PEYTON JONES: You have to do something to make it do that, don’t you? It doesn’t just spot—anytime you say “Cambridge,” it doesn’t just go—yeah, there’s some gesture. 

GORDON: You go into the data ribbon, and actually, one of the really cool things about those entities is they’re known as linked entities. It’s not just a record, but they also have this link to where they came from, sort of a pointer to the web, if you like. So, it means that if you open up a stock data type in a workbook, Excel will actually automatically refresh properties like the price, and then it would recalc anything that depends on that. So, these have become really popular as ways of building financial models or getting properties of geographies. 

PEYTON JONES: But from a programming point of view, the interesting thing about this was the value in the cell was no longer a scalar. It really is a record, and you could programmatically say “A1.price” to extract the field. That’s the first time that kind of rich, structured data of nested records was available. 

GORDON: Yeah, I think that’s the first time Excel had “dot” actually as an operator. So, we now have, like, “dot,” like in many other programming languages, with IntelliSense, so it kind of gives you an option for different fields you might want to pull out of the record.  

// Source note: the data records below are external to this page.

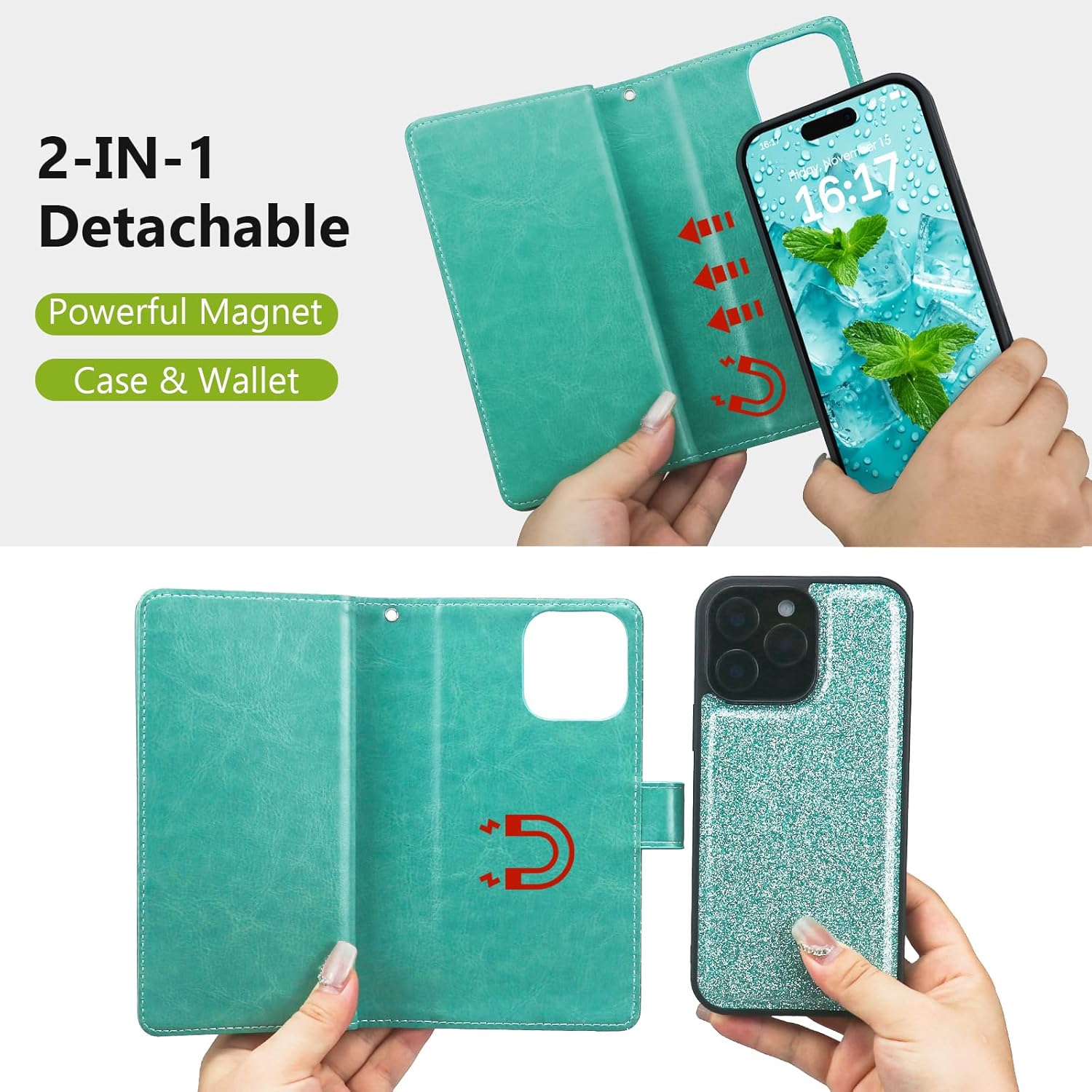 Varikke for iPhone 16 Pro Max Wallet Case Detachable with RFID Blocking Card Holder for Women, Glitter Leather Strap Magnetic Flip Wallet Removable Phone Case for iPhone 16 Pro Max 6.9", Mint Green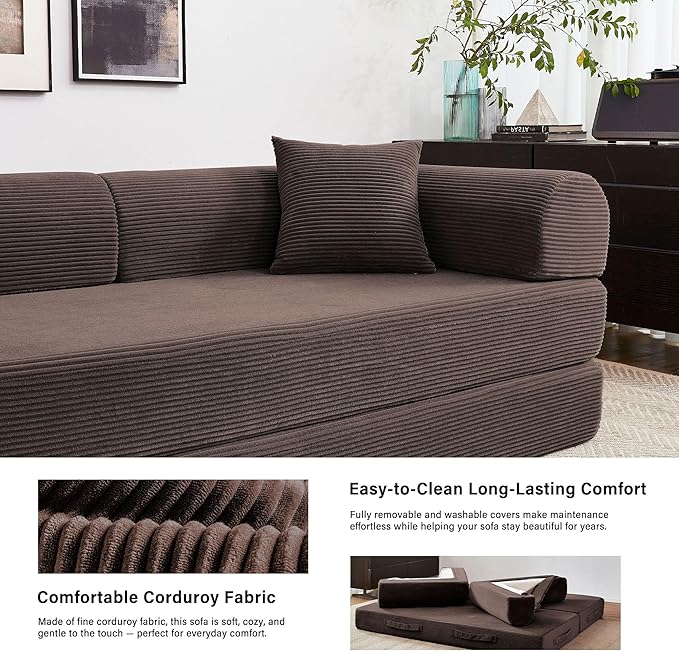 79 5-in-1 Folding Convertible Sofa Bed Oversized Corduroy Futon Floor Couch with Pull-Out Sleeper Modular Boneless Loveseat for Small Spaces Living Room Bedroom (Brown)
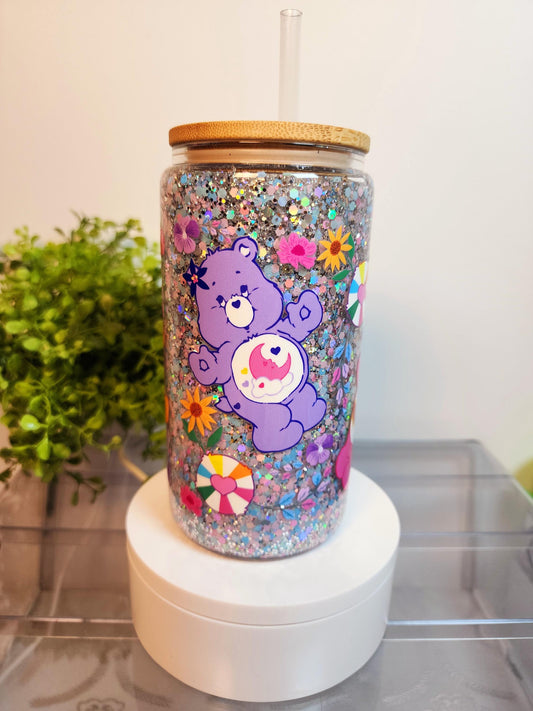 Care Bears Snow Globe Cup/Tumbler/Can, (16 oz.) Comes with lid and straw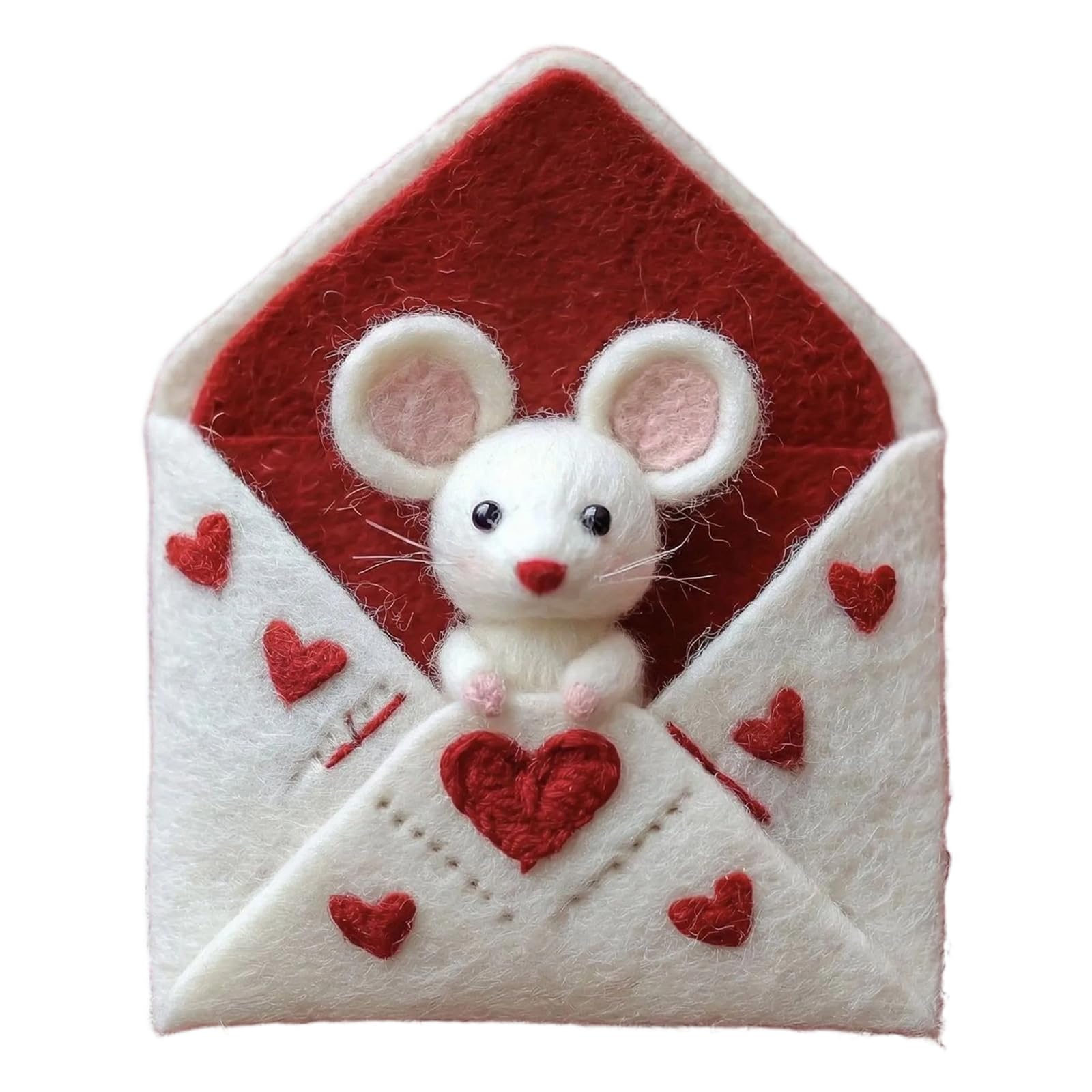 Introti Needle Felted Mouse Handmade Felt Mice Figurines Valentines Day Gift Animal Decoration Felt Mouse Ornaments for Tiered Tray Tabletop Home Car Decor (A)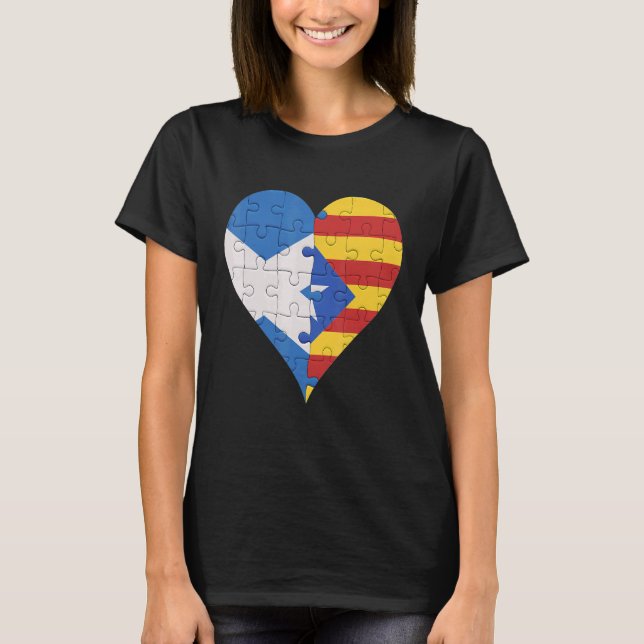 Scottish Catalan Flag Heart T-Shirt (Front)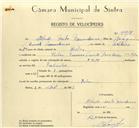 Registo de velocípede de marca FBM, com o nº 9918, em nome de Alfredo Melo Mendonça, morador em Belas.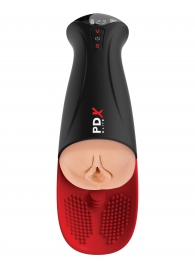 Телесный мастурбатор-вагина в черной колбе с вибрацией Fuck-O-Matic Pro XL - Pipedream - в Химках купить с доставкой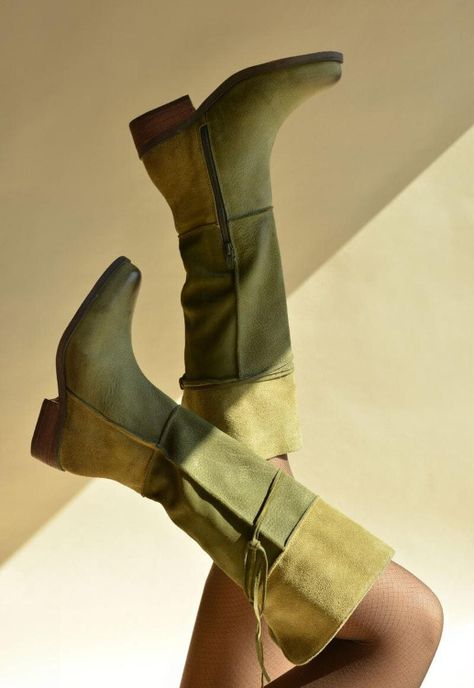 Bota Mujer De Cuero Jade Verde C3-6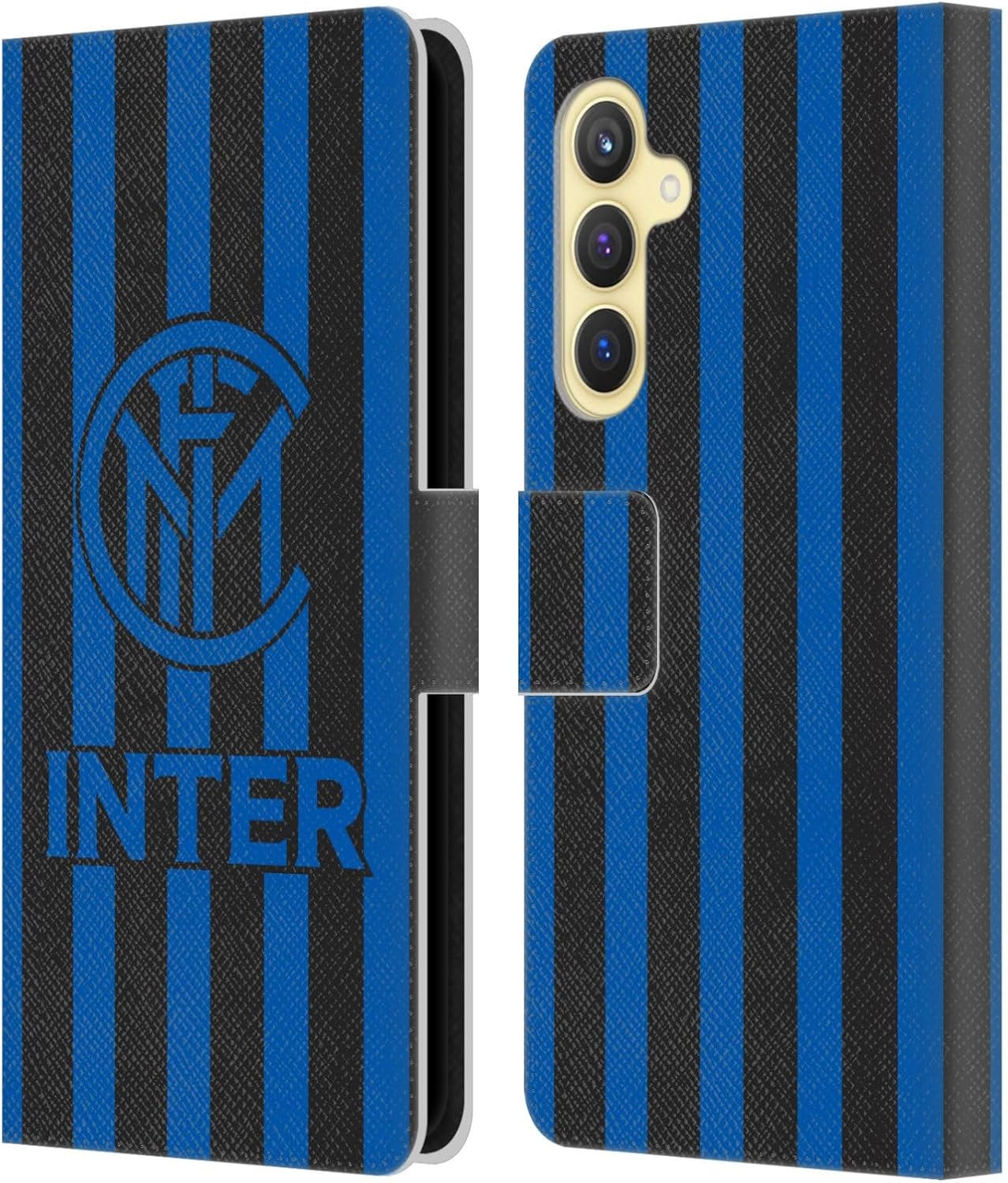 Head Case Designs Officially Licensed Inter Milan Stripes 2 Graphics Leather Wallet Case Compatible with Samsung Galaxy S23 FE 5G
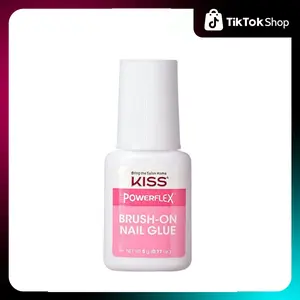 KISS PowerFlex Brush-On Nail Glue for Press On Nails, Ultra Hold Flex Formula Nail Adhesive, Includes One Bottle 5g (0.17 oz.) with Twist-Off Cap & Brush Applicator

PEYTON JONES: It was a funny dynamic that, for a programming languages person, you’d say, “Well, we need an introduction form, which lets you create records, and then an elimination form that lets you take them apart”—that‘s the dot. But the way it came out in the product is we have the elim form but without the intro form. I think we all get an intro form, but it was just an interesting way in which working with a product group makes things come out in a different way, probably a way that’s more useful for users in the first instance than we would have done as academics. I thought that dynamic was interesting. 

GORDON: Yeah, actually, I mean, stepping back, Simon, I think this is one of the really big things that I’ve learned from working with the Excel team—I mean, we’ve been working really intensely on this the last five years—which is the kind of people who use Excel. I mean, it’s a really broad population—it’s a super popular application—but the kind of people who use it are generally not programmers, people who really care about writing code for its own sake. Like most people who are sort of functional programmers, say, Haskell programmers, are really passionate about programming, whereas people who are using Excel, not always, but generally, they are really keen to get some other job done, like they’re an accountant, they’re someone working in finance, maybe a teacher tracking statistics about how their students are doing, and they’re what are known as end-user programmers. They are writing code—they’re writing programs—but really for their own purposes. So, when the Excel team thinks about how best to serve end-user programmers, they often do things a little differently than if you were trying to produce a feature for a very sophisticated programmer. Entities are a good example of that, where the Excel team realized that end users who maybe cared about stocks would just want a very convenient way to go from the name of a company to an entity that would automatically update the stock price rather than having to have maybe a function called “record” that they would call and have to put in arguments to determine which entity to fetch, and I think that’s been quite successful, that end users have really been able to use these features, and they don’t really know what a record is, but they can understand that particular entities matter for what they’re trying to do. 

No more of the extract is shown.